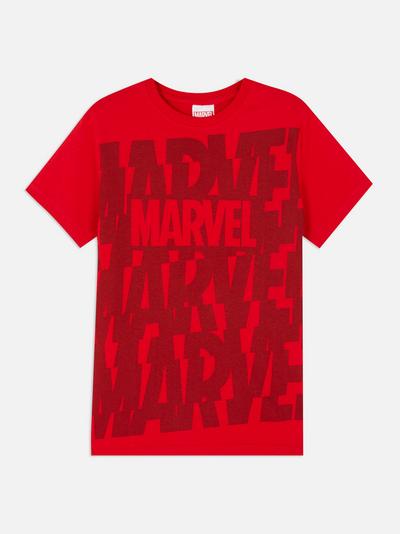 T-shirt in cotone con logo effetto ottico Marvel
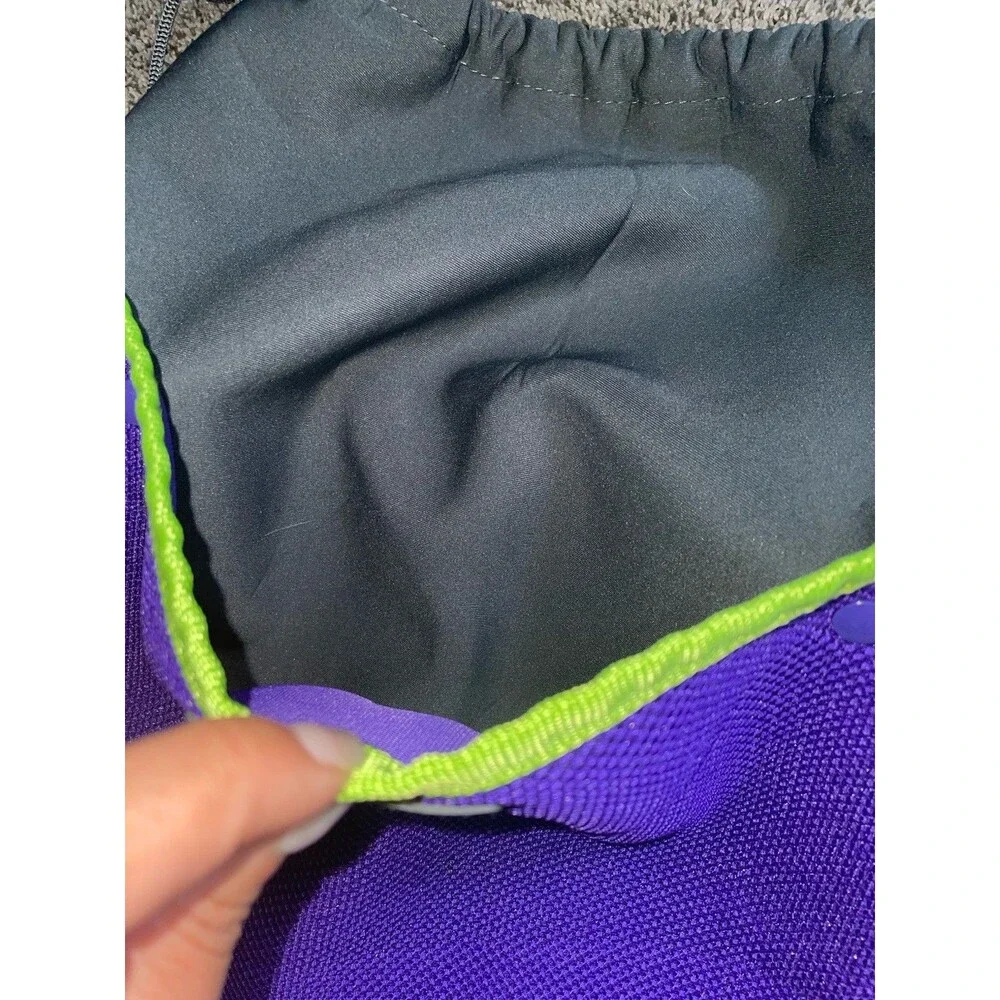 Rodan + Fields Drawstring Backpack Purple Green Gray Gym Cinch Sack Bag NWOT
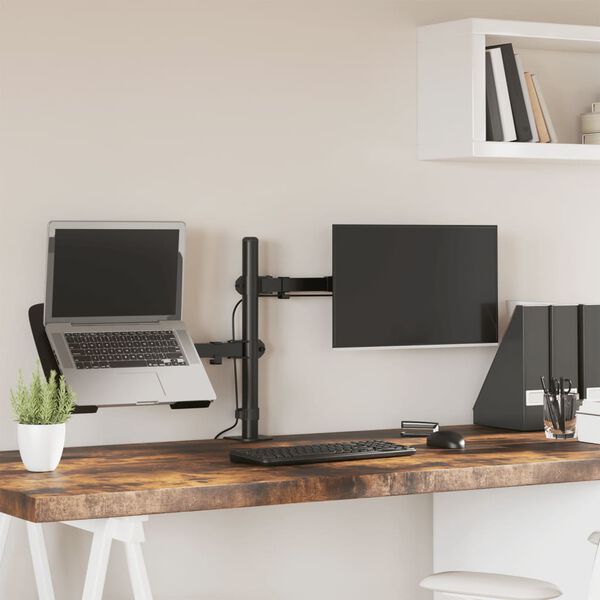 vidaXL skærmstativ VESA 75/100 mm stål sort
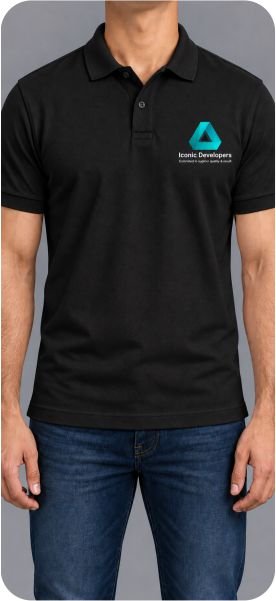 Black collar T-shirt with custom Iconic Developers logo printed on the left chest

Task to complete:
Could you reproduce exactly the lines running from the one with "Rodan + Fields" through the final line of the listing above, both included, and drop the pictures?

Output of the exercise:
 Rodan + Fields Drawstring Backpack Purple Green Gray Gym Cinch Sack Bag NWOT
 vidaXL skærmstativ VESA 75/100 mm stål sort
 Black collar T-shirt with custom Iconic Developers logo printed on the left chest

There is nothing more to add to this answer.